REQUIRED WORK
Nothing in the data should change when you return it, but leave the pictures out.

COLLECTED MATERIAL
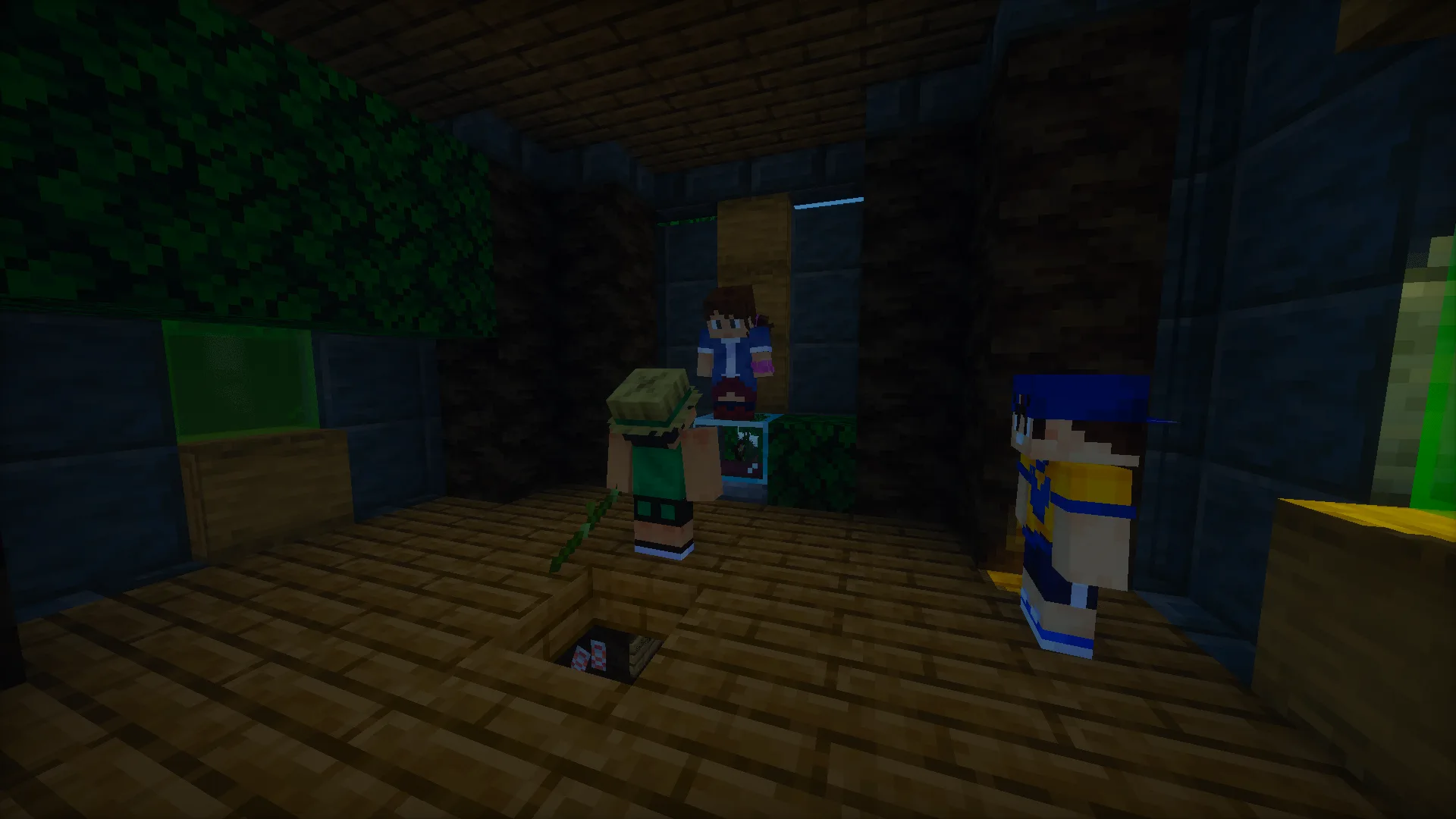 Игроки Minecraft с покемонами отдыхают рядом с Боевой башней в проекте Cobblemon: Fierce Competition.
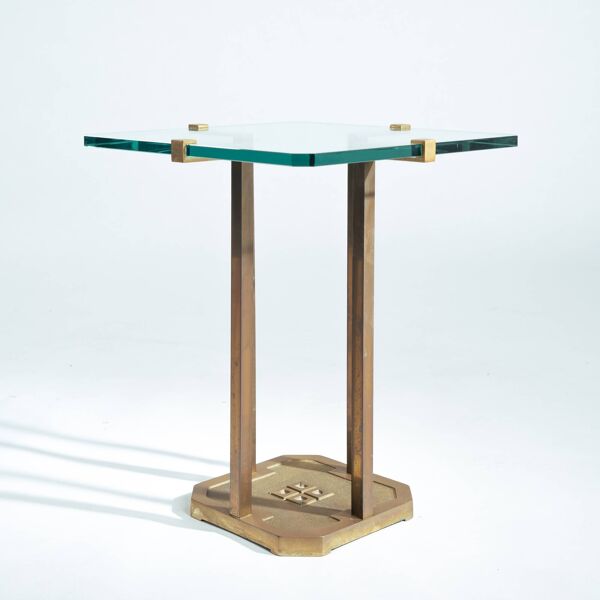 Table d'appoint en verre taillé bronze Peter Ghyczy t18, classique brutaliste.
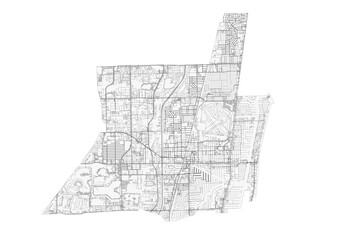 Minimalist vector highway map of Pompano Beach, detailed street layout for modern design and city planning use.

EXERCISE RESPONSE
 Игроки Minecraft с покемонами отдыхают рядом с Боевой башней в проекте Cobblemon: Fierce Competition.
 Table d'appoint en verre taillé bronze Peter Ghyczy t18, classique brutaliste.
 Minimalist vector highway map of Pompano Beach, detailed street layout for modern design and city planning use.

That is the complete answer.